E’ tempo di rifondare la sinistra
Se si mettono in relazione tutte le forze presenti, i loro movimenti, i loro interessi e il punto di caduta dello scontro e del confronto in atto (intervento dello Stato, nuovo welfare, rilancio economico all’insegna della sostenibilità ambientale e dei diritti dei lavoratori, nuova democrazia economica, rapporto con l’Europa ecc.) allora appare chiaro che anche i punti critici del governo vanno affrontati in modo dinamico. Non bisogna tacerli, anzi, ma neanche farsene paralizzare, rinchiudendosi nel recinto degli schifiltosi, dimentichi di un’altra saggezza popolare: il meglio è nemico del bene. Quei punti critici occorre farli diventare azione politica per spingere il governo a correggerli. Ma questo non basta. Sul piano politico generale è necessario, al contempo, spingere innanzi un processo di rifondazione della sinistra nel suo complesso. Non solo in Italia ma in Europa, partecipando alla battaglia in corso contro sovranismi e grettezze nazionalistiche di varia gradazione e colore, allargando i confini del mutamento in atto della politica di austerità per fare dell’Ue un soggetto federalista, solidarista e progressista.

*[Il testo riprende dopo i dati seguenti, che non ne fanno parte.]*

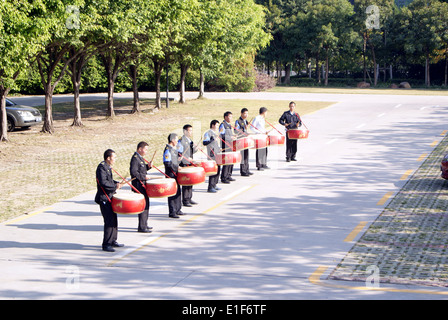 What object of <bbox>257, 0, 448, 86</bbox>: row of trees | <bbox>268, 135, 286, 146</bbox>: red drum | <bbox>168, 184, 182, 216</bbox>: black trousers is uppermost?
<bbox>257, 0, 448, 86</bbox>: row of trees

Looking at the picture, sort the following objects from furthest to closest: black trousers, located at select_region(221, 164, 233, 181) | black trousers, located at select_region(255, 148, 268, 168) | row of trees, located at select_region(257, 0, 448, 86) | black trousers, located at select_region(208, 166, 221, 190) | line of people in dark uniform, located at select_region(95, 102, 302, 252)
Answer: row of trees, located at select_region(257, 0, 448, 86) < black trousers, located at select_region(255, 148, 268, 168) < black trousers, located at select_region(221, 164, 233, 181) < black trousers, located at select_region(208, 166, 221, 190) < line of people in dark uniform, located at select_region(95, 102, 302, 252)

Come si pensa di fronteggiare le settimane prossime segnate dall’emergenza economica sempre più stringente? E come si pensa di combattere, per esempio, da una parte l’opposizione scalmanata e sconclusionata, però sempre pericolosa, dei Salvini e delle Meloni, e dall’altra i richiami della foresta (Di Battista) dei grillini e le tentazioni ricorrenti e neocentriste del “bomba”, dei Calenda, delle Bonino ecc. se non con una novità rivoluzionaria a sinistra che innervi politicamente, idealmente e organizzativamente lo schieramento sociale progressista? Di questo fatto nuovo c’è più che mai bisogno, anche per rendere più efficace, puntuale e socialmente attenta l’azione del governo, spingendola sempre più verso una coraggiosa politica neokeynesiana.
Abbandonata ogni illusione tardo blairiana e ogni subalternità al neoliberismo, la sinistra nel suo complesso deve mettere al centro del proprio rinnovamento e della propria rinascita il protagonismo dell’associazionismo presente nella società civile progressista. C’è bisogno di forze fresche e motivate, non gravate dagli errori e dalle sconfitte subite, dalle compromissioni morali e politiche subite e praticate, per ritrovare il contatto con popolo delle periferie sociali e urbane da strappare alle destre. Un popolo che non attende solo sussidi, ma lavoro e riscatto politico e culturale. In quelle trincee e in quelle casematte della società civile abbandonate al nemico negli ultimi lustri, ci si deve sbrigare a tornare.
E’ qui il ritardo strategico vero e più grande.